**YOUR OBJECTIVE**
Within the entries below, please return exactly the lines from the one with "11022 Sageberry Drive, Houston, TX 77089" through the one with "Wwe House Show", leaving out any pictures.

**MATERIAL SHOWN**

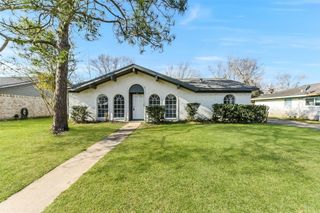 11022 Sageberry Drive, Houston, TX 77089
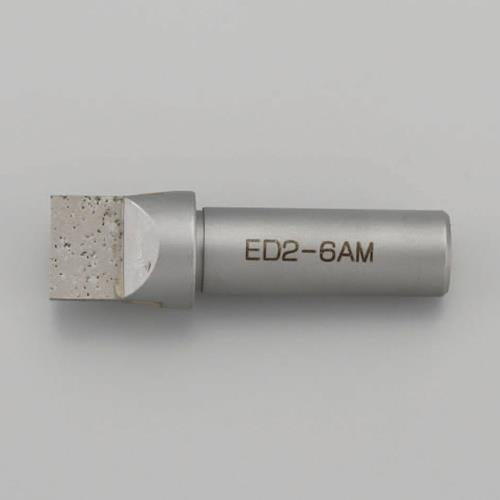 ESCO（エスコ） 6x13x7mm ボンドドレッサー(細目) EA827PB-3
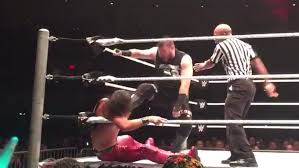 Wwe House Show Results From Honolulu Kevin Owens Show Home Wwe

* * *

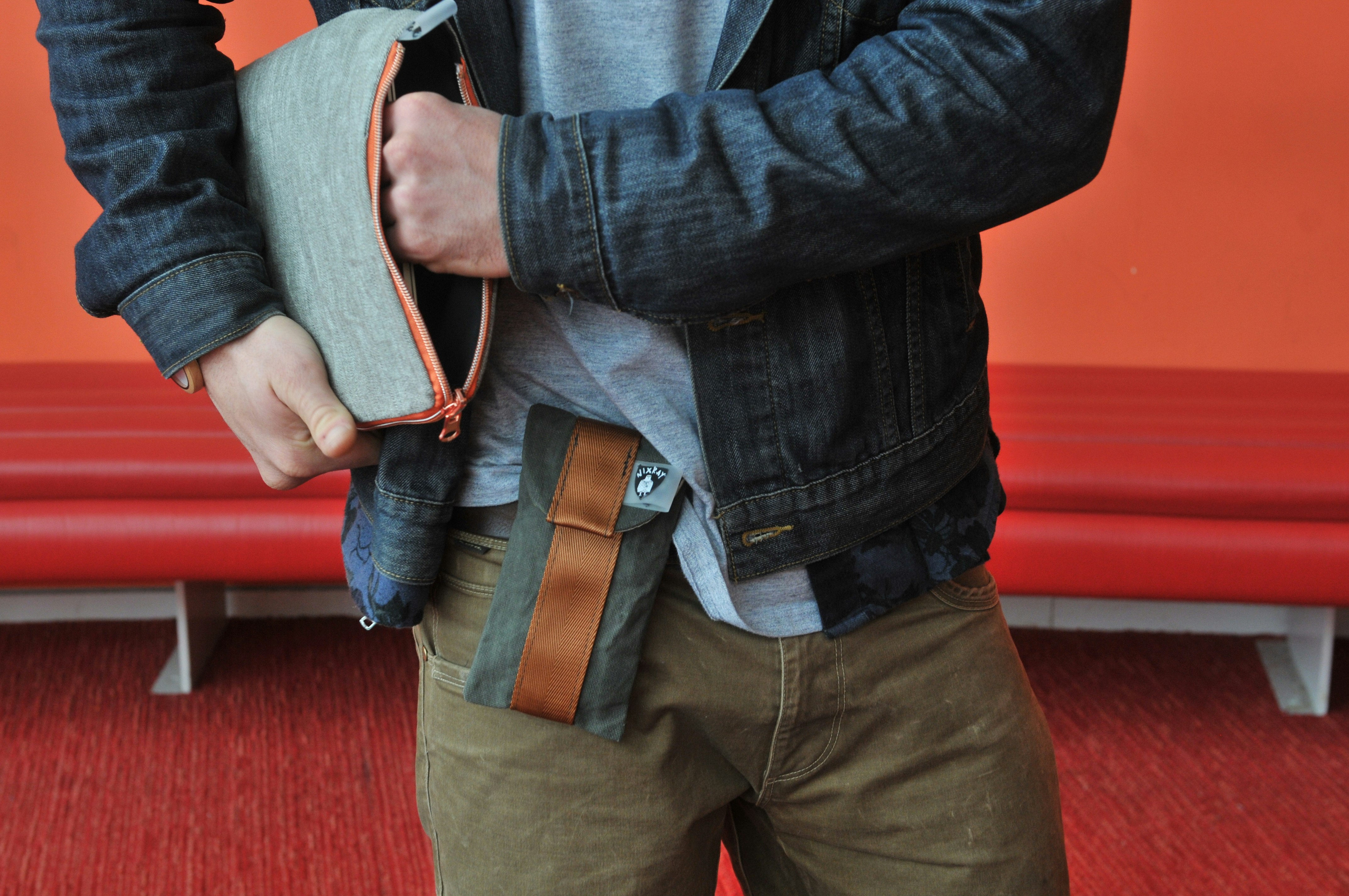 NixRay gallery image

**OUTPUT BELOW**
 11022 Sageberry Drive, Houston, TX 77089
 ESCO（エスコ） 6x13x7mm ボンドドレッサー(細目) EA827PB-3
 Wwe House Show Results From Honolulu Kevin Owens Show Home Wwe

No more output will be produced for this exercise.